The chipmaker issued bonds in two parts, according to a person with knowledge of the matter, who asked not to be identified as the details are private. The longer portion of the deal, a 20-year security, yields 1.15 percentage points above Treasuries, down from the initially targeted 1.5% premium, the person said. That equates to about 3.30%.
The money will partly fund research and development for innovation in green chips, battery control and energy management for electric and hybrid cars, smart-building technologies, as well as energy-efficiency measures at NXP’s own facilities, the company said in a statement Tuesday. The funds were raised by subsidiaries NXP B.V., NXP Funding LLC and NXP USA Inc. The company raised $1 billion in green debt in April 2020.

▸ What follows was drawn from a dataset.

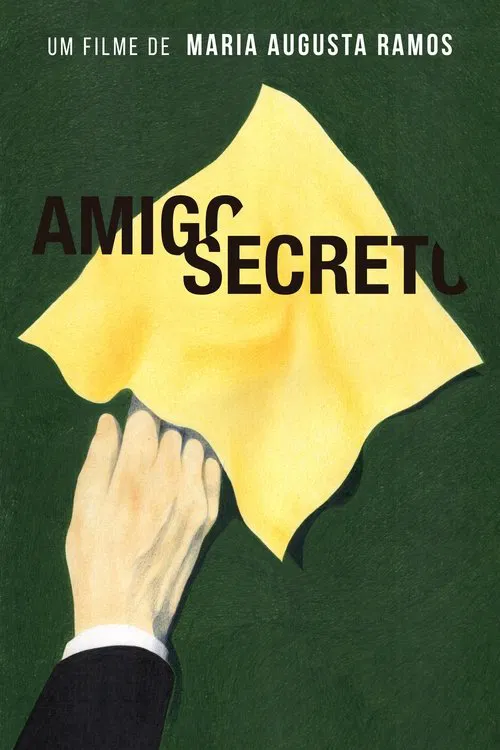 Secret Friend movie poster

Corporations and governments globally have raised about $156 billion from green bonds this year, nearly tripling the roughly $58 billion issued over the same span in 2020, according to data compiled by Bloomberg. The technology sector hasn’t been a huge contributor, amounting to only 1.2% of this year’s total.
Semiconductors are critical components to many aspects of modern life, and used in everything from washing machines, cars and computing. While chips have become incredibly powerful and efficient, using less and less energy, producing them is increasingly elaborate work. Chipmakers broadly acknowledge there’s a giant carbon footprint issue in their fabrication.
NXP said it has cut absolute emissions of perfluorinated compounds (PFCs), which are greenhouse gases, by 66%. Intel Corp., the world’s largest chipmaker, said it was already among the top three users of renewable energy in the U.S. Meanwhile, a global chip shortage is going from bad to worse with automakers on three continents joining tech giants Apple Inc. and Samsung Electronics Co. in flagging production cuts and lost revenue from the crisis.
Considerable demand for the NXP offering could drive down spreads on the 10-year offering toward 100 basis points, “as double-digit revenue growth returns and credit quality stays on an improving trajectory,” Bloomberg Intelligence analysts Robert Schiffman and Suborna Panja wrote in a note Tuesday.
The Eindhoven, Netherlands-based company has approximately 29,000 employees in more than 30 countries and generated $8.61 billion in revenue last year.
Barclays Plc, Citigroup Inc. and Credit Suisse Group AG managed the sale, the person said.